* Aim of the task: The entries below contain pictures. Write out only the lines from the line with "Building Photo - 9603 Philmont Dr" up to and including the line with "GRAY Model:H169cm / BLACK Model:H180cm", exactly, without them.

* Exercise input:
****
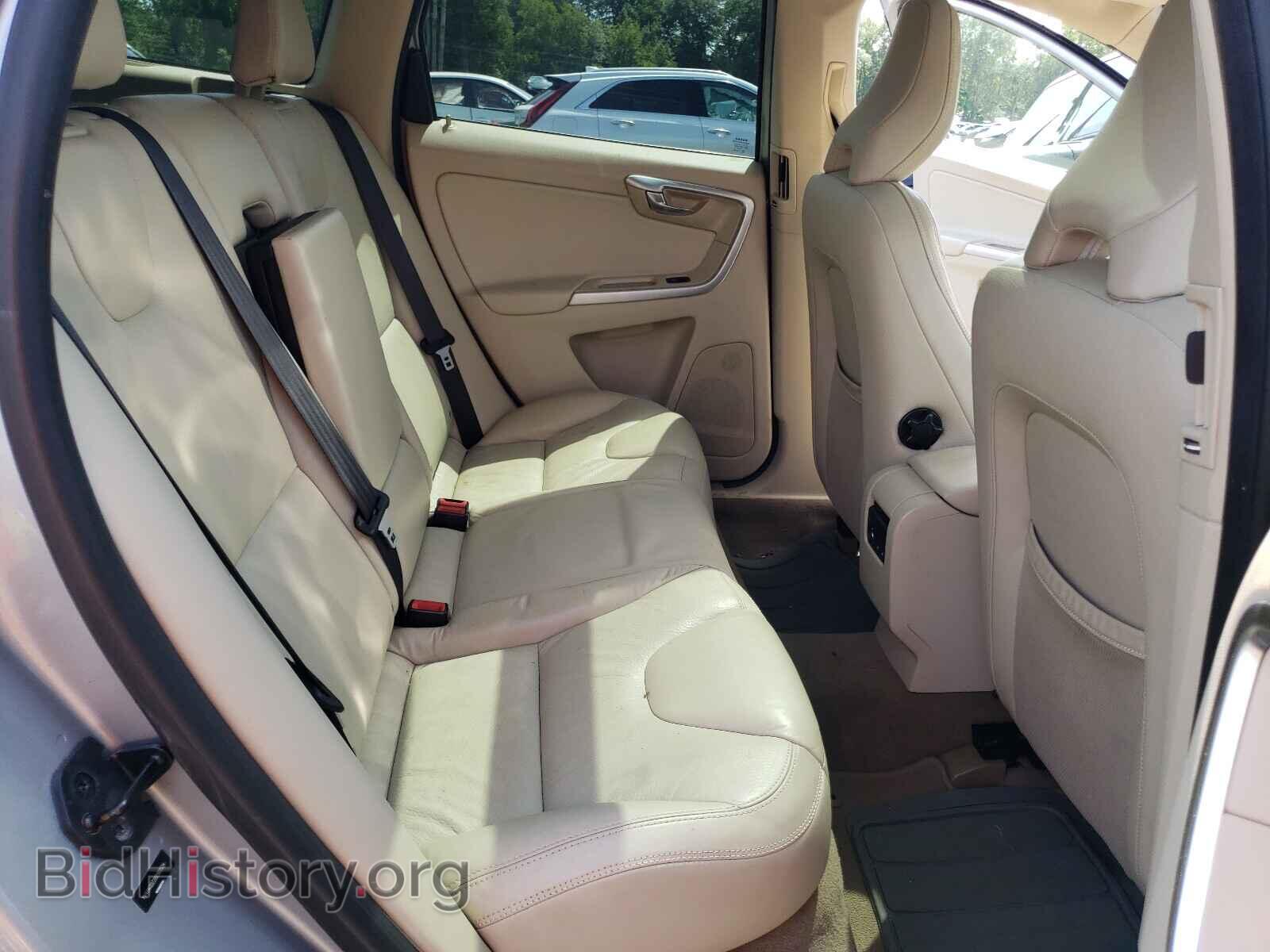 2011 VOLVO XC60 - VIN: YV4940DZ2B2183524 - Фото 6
****
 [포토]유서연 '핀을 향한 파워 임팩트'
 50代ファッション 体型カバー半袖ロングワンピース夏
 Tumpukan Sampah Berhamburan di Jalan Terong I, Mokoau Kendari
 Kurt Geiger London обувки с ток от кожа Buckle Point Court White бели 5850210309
****
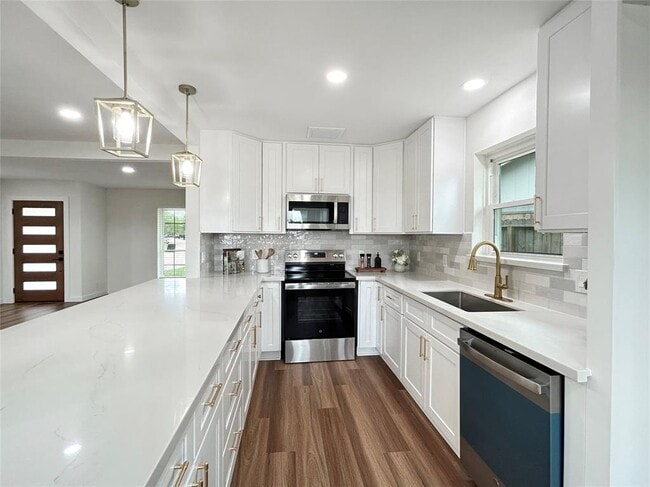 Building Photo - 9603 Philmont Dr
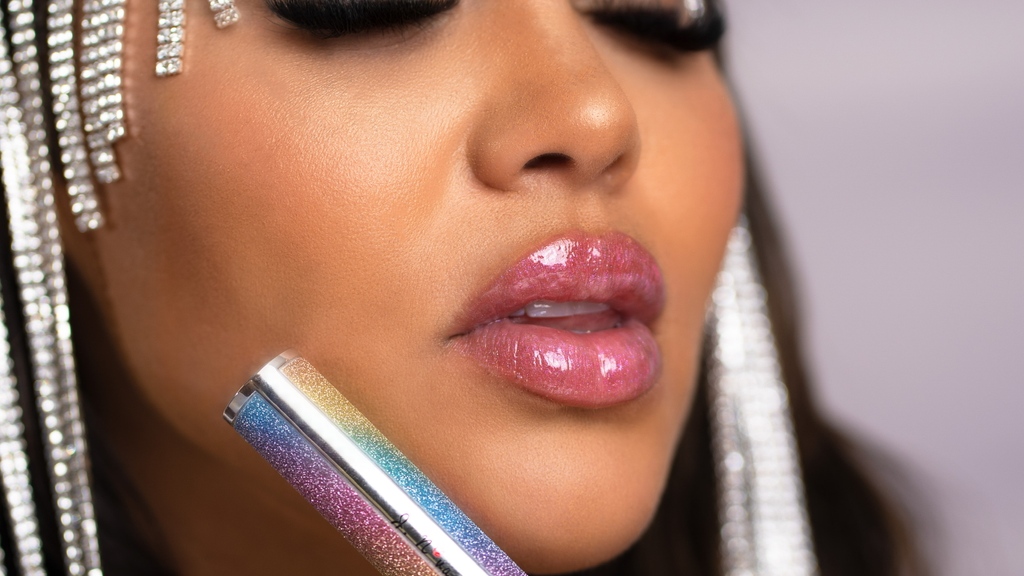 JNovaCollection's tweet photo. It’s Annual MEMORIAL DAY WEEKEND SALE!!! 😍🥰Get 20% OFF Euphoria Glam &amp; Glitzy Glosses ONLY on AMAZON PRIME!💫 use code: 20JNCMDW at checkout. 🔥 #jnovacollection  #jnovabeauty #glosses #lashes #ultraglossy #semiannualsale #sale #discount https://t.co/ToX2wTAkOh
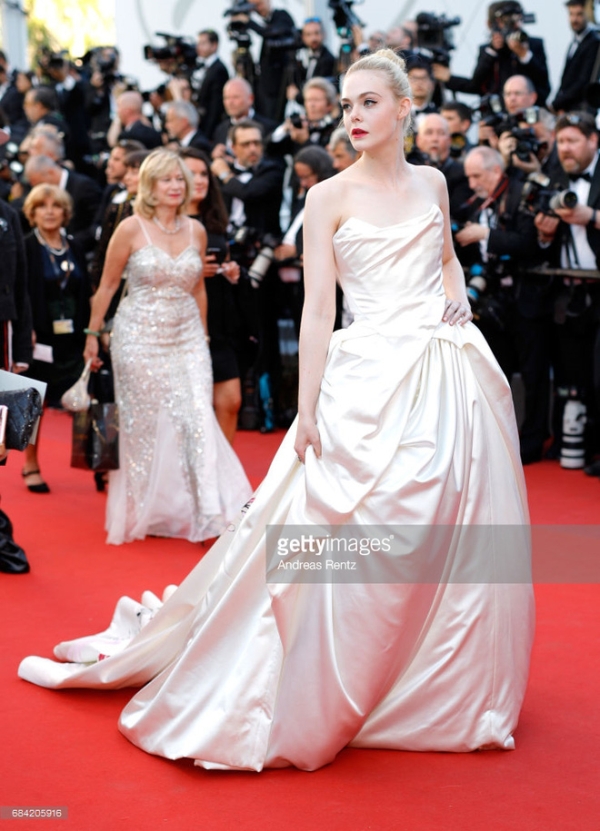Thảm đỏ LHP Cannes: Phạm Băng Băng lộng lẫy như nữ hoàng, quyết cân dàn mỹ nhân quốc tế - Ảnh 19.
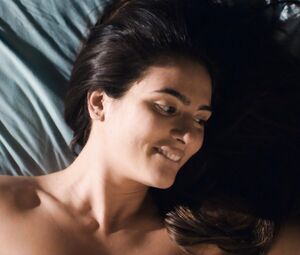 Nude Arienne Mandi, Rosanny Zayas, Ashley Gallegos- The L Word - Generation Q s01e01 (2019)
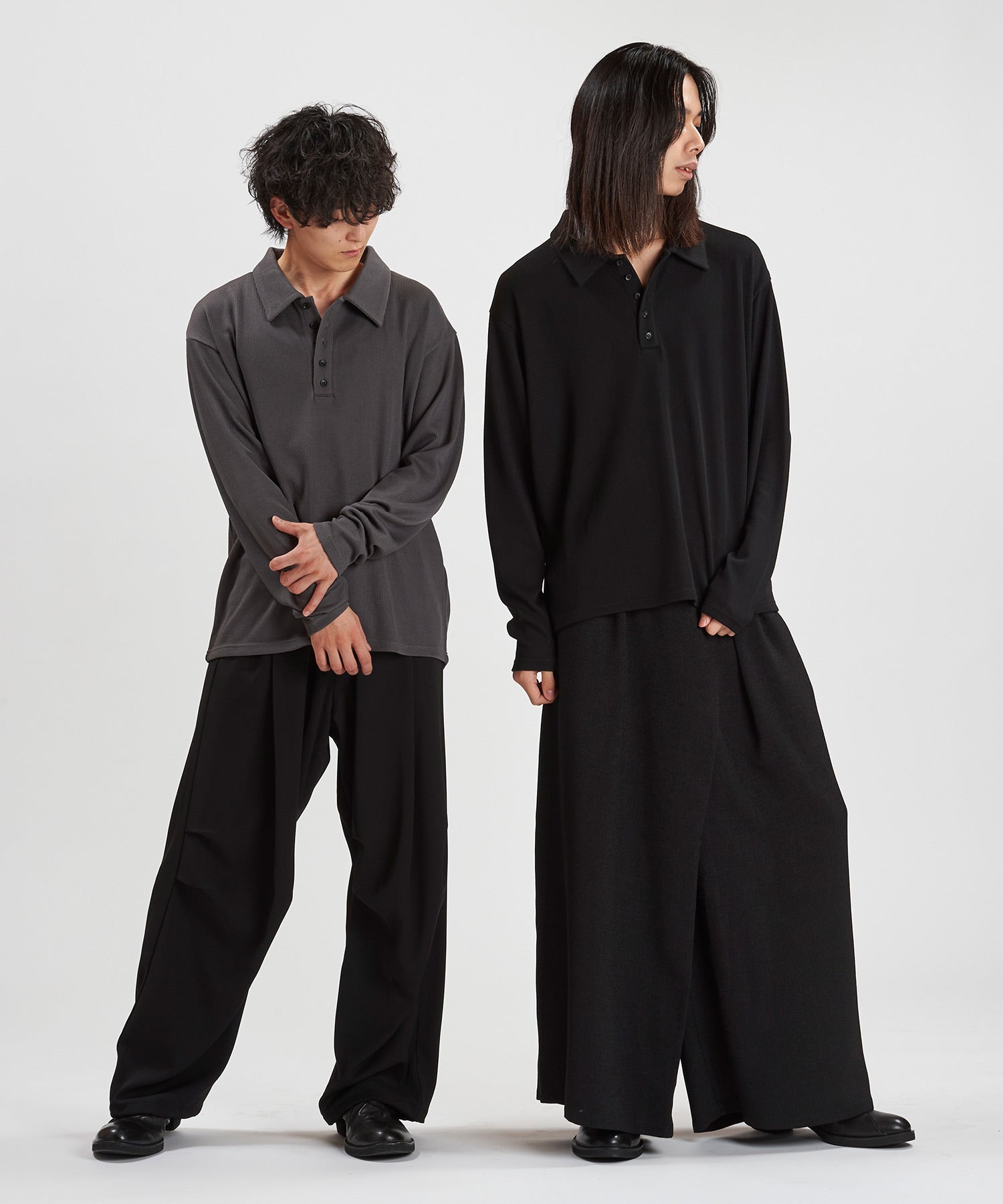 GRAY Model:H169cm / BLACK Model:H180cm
****
* Exercise response:
 Building Photo - 9603 Philmont Dr
 JNovaCollection's tweet photo. It’s Annual MEMORIAL DAY WEEKEND SALE!!! 😍🥰Get 20% OFF Euphoria Glam &amp; Glitzy Glosses ONLY on AMAZON PRIME!💫 use code: 20JNCMDW at checkout. 🔥 #jnovacollection  #jnovabeauty #glosses #lashes #ultraglossy #semiannualsale #sale #discount https://t.co/ToX2wTAkOh
Thảm đỏ LHP Cannes: Phạm Băng Băng lộng lẫy như nữ hoàng, quyết cân dàn mỹ nhân quốc tế - Ảnh 19.
 Nude Arienne Mandi, Rosanny Zayas, Ashley Gallegos- The L Word - Generation Q s01e01 (2019)
 GRAY Model:H169cm / BLACK Model:H180cm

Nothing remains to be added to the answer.